Prime Minister Bill English has announced an extra $91.3 million in spending on trade diplomacy over the next four years as he grapples with growing trade protectionism in a post-Trump and post-Brexit world.
English today launched an update of the Goverment's trade strategy, titled Trade Agenda 2030, in a speech to the the International Business Forum and the Auckland Chamber of Commerce at the Langham in Auckland.
He made the case for free trade and set a new goal of having free trade agreements cover 90 percent of New Zealand’s goods exports by 2030, up from 53 percent today.
“It’s important that we remain an open and outward-facing country focused on creating and embracing trading opportunities, and Trade Agenda 2030 outlines our plan for achieving that," English said.

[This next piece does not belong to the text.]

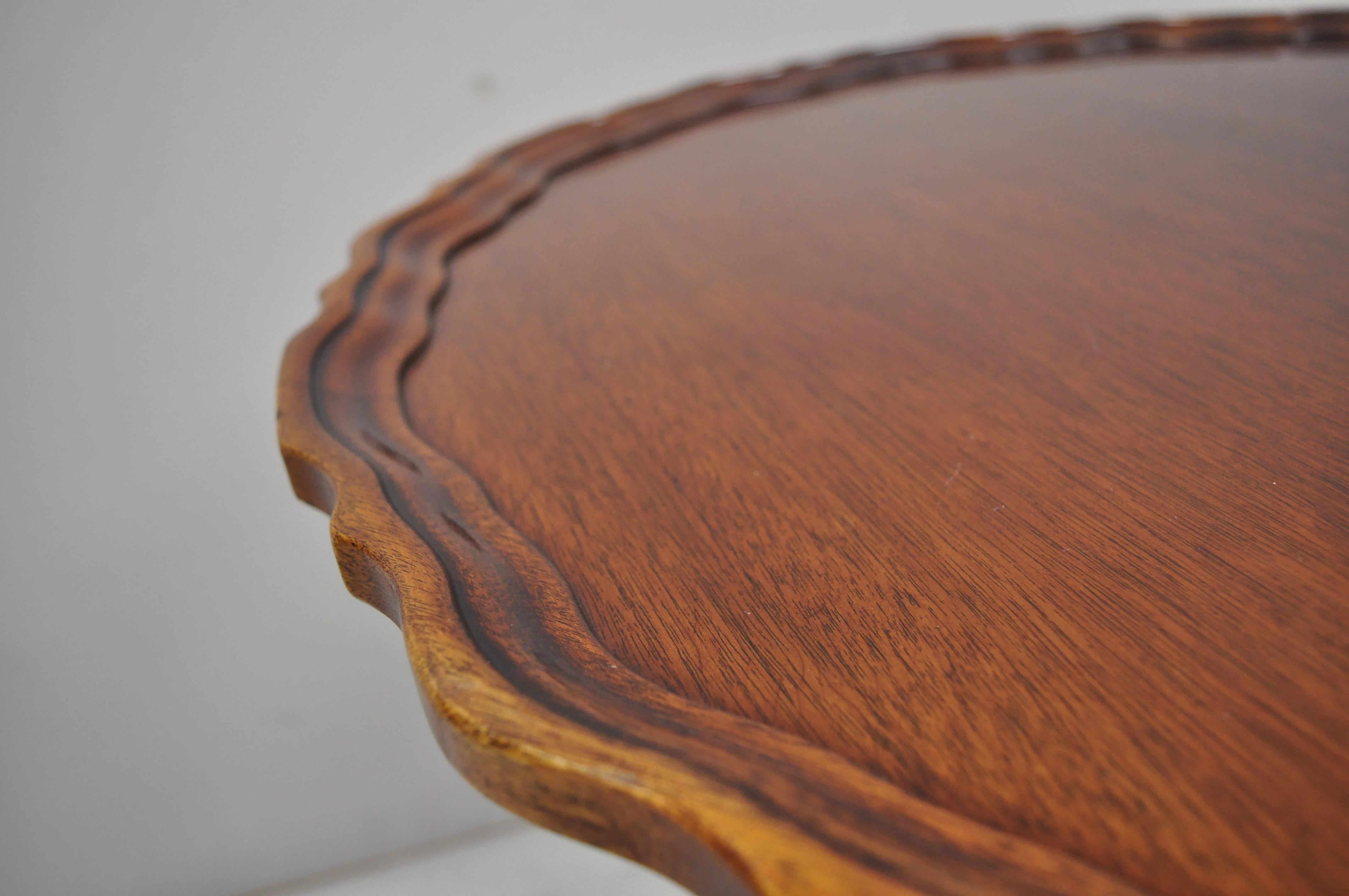 Mahogany Pie Crust Ball and Claw Georgian Chippendale Style Tilt Top Tea Table 1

“It will see us seek to forge new trade agreements, maximise the benefits of existing ones, focus more on tackling non-tariff barriers, put more emphasis on services, investment and digital trade issues, and work even more closely with our exporters to help them create and succeed in new markets," he said.
The Trade Agenda 2030 package includes:
the opening of a new embassy in Dublin, Ireland and a new High Commission in Colombo, Sri Lanka;
$35.3 million to the Ministry of Primary Industries to focus on targeting non-tariff barriers;
$20.3 million to the Ministry of Foreign Affairs and Trade to focus on improving market access, maximising benefits from existing FTAs and negotiating new ones, tackling non-tariff barriers;
$6.7 million to MFAT to improve the availability of consular services for New Zealanders overseas; and
the establishment of a Ministerial Advisory Group to ensure the public is better informed on trade issues.
The new funding is $80.3 million in operating funding over four years and $11 million in capital.